“Now I beg you, brethren, through the Lord Jesus Christ, and through the love of the Spirit, that you strive together with me in prayers to God for me, that I may be delivered from those in Judea who do not believe, and that my service for Jerusalem may be acceptable to the saints, that I may come to you with joy by the will of God, and may be refreshed together with you” (Romans 15:30-32).
Prayer is both easy and difficult. It is as simple as a baby’s utterance of “Abba” (“my father”) to as challenging as wrestling with God’s will on a cool spring night and sweating great drops of blood (Luke 22:44).

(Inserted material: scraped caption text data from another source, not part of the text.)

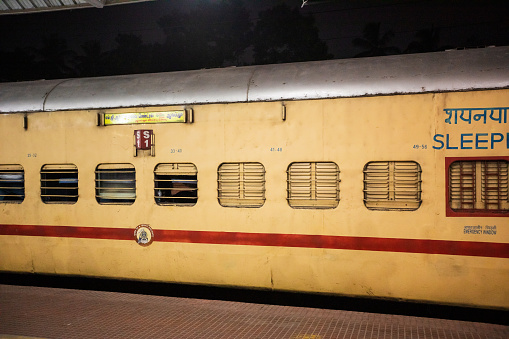 Passenger train at Chhatrapati Shivaji Maharaj Terminus in Mumbai, India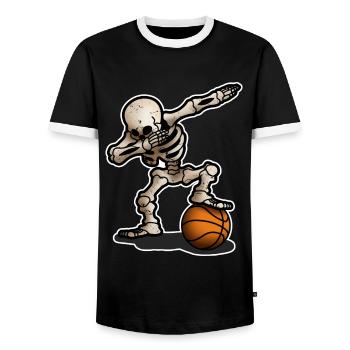 Skelett Dabbing Dab Basketball Halloween Geschenk - Männer Kontrast-T-Shirt - Schwarz/Weiß - Vorne - AI Model Female 172 light (172cm) & AI Model Male 178 light (178cm)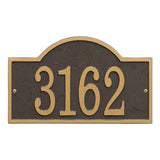 Whitehall Fast & Easy Arch House Numbers 1-Line Personalized Address Plaque - Bronze/Gold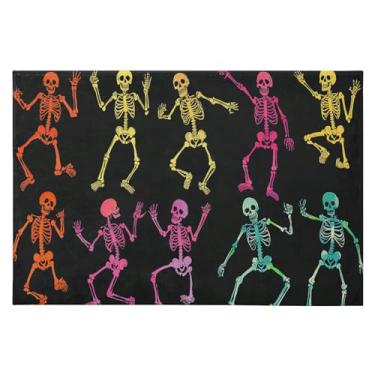 Imagem de CEBUGI Tapete de área 60 x 90 cm, macio, lavável, antiderrapante, com suporte de borracha, esqueletos coloridos de desenho animado, tapetes para sala de estar, quarto, decoração de casa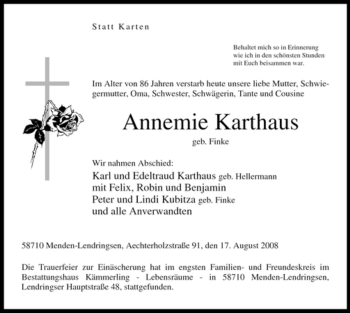 Traueranzeige von Annemie Karthaus von Tageszeitung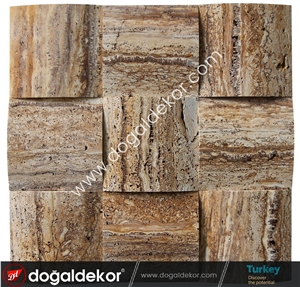 Noce Travertine Wall Mosaic Tile Noce Travertine Wall Mosaic Tile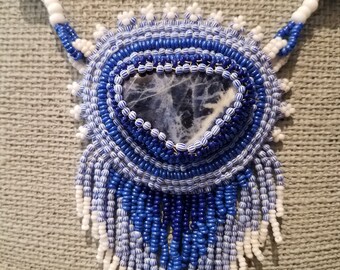 Delft Sodalite Bead Embroidery Necklace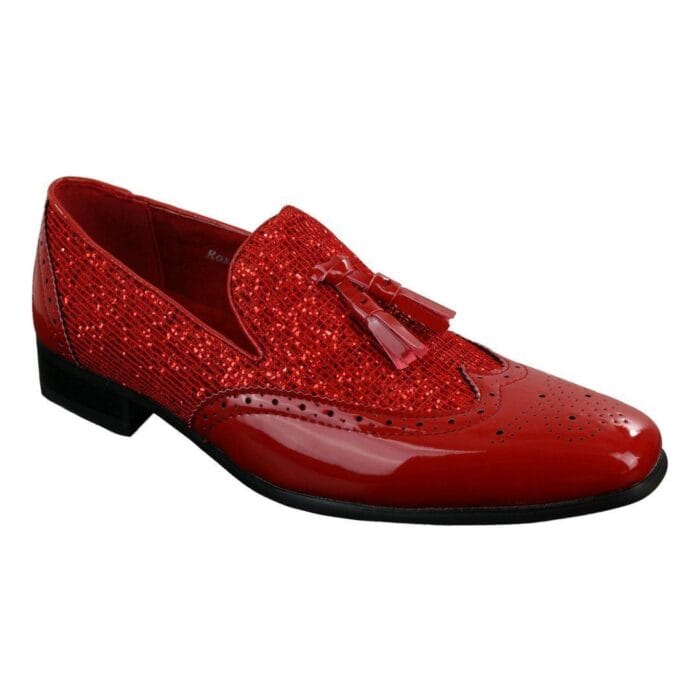 Mens Smart Party Shiny Tassle Shoes Red Silver Black Gold Slip On Patent Leather - Knighthood Store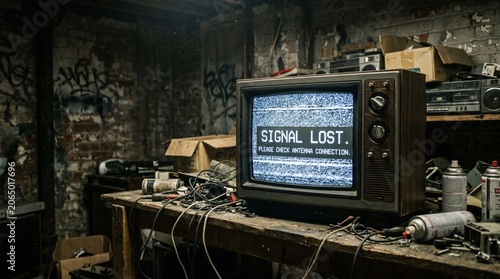 Vintage CRT television displaying signal lost message in a dark cluttered basement workshop with graffiti walls and old electronics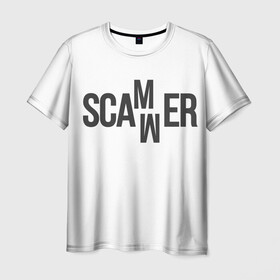 Мужская футболка 3D с принтом Scammer ( Скамер ) в Ухте, 100% полиэфир | прямой крой, круглый вырез горловины, длина до линии бедер | scam | scamm | scammer | скам | скам мамонта | скамер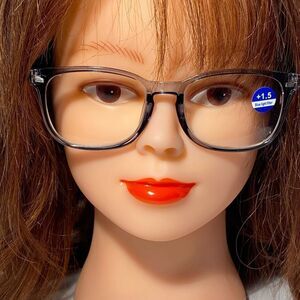 1508 Colette 1.5 Grey Reading Glasses Soft Butterfly Readers NWT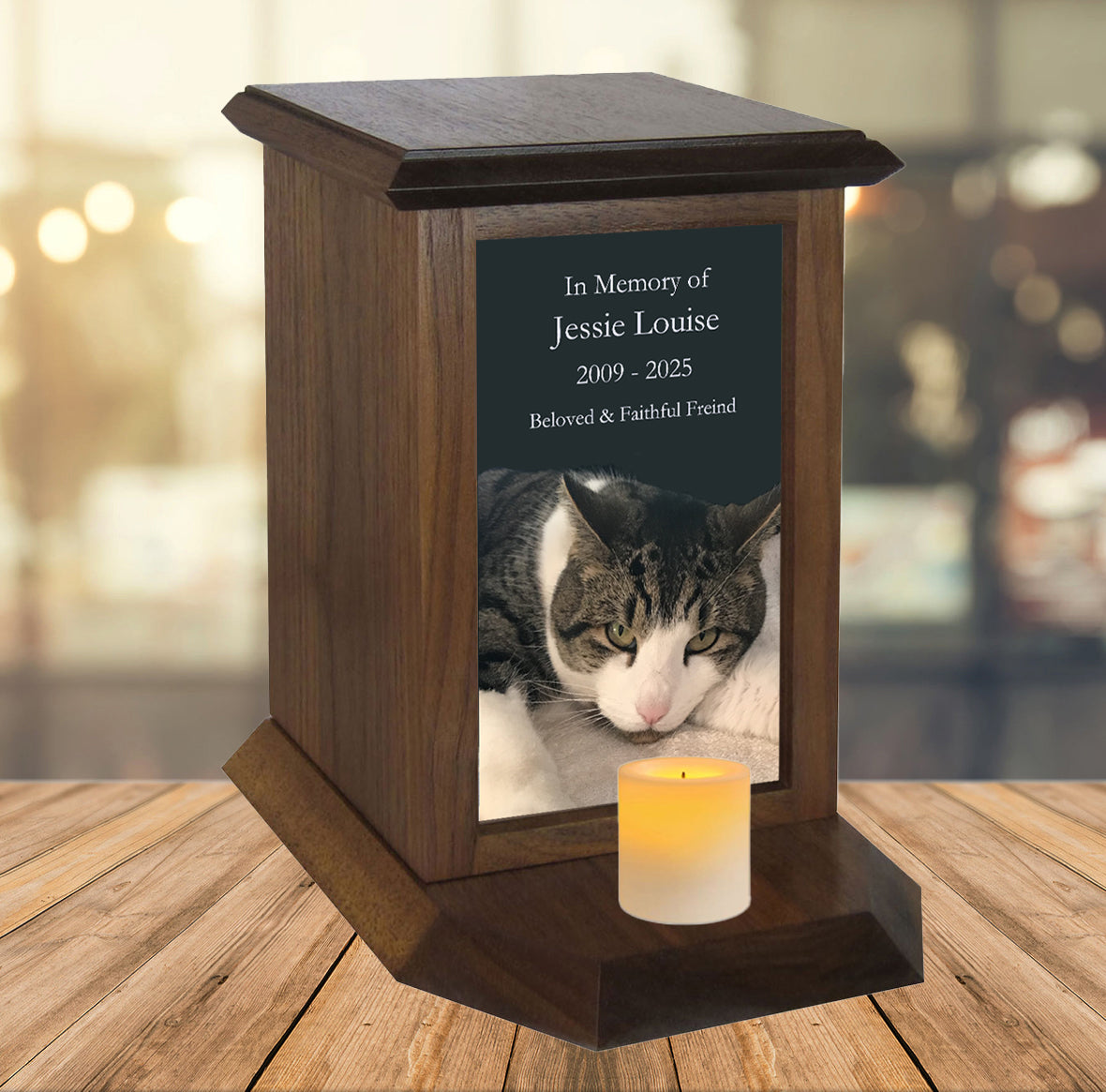 Cat Photo Candle Urn - Free Photo and Personalization - Candle Included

Like our Lord, the apostle Paul knew the range of prayer’s possibilities. He knew that disciplining his will to live in contented submission to God’s was an ongoing spiritual battle. His intense desire to visit Rome had to be subservient to God’s authoritative will (James 4:13-15).
Though Paul may not yet have known the extreme danger he would be facing when he went to Jerusalem with the Great Collection (see Acts 20:22-23, 21:10-13), common sense would tell him that his presence in Jerusalem would be abhorred by some. Therefore, he begged his brethren to strive together with him in prayers to God on his behalf.
Paul knew if God’s will was for him to go from Corinth to Jerusalem to Rome as he had hoped, there was no one in heaven or on earth who could thwart Jehovah’s sovereignty and providence. He also knew that he wanted to live in obedience to God’s will, not his own, for he was a bond servant of Jesus Christ. If it was God’s will that he dies in the same city his Lord did and never visit earth’s imperial city, so be it.
Like our Lord, Paul strove in prayer for his life to be lived in harmony with his Father’s will, not his own.
Striving to submit to God’s will is an essential function of prayer.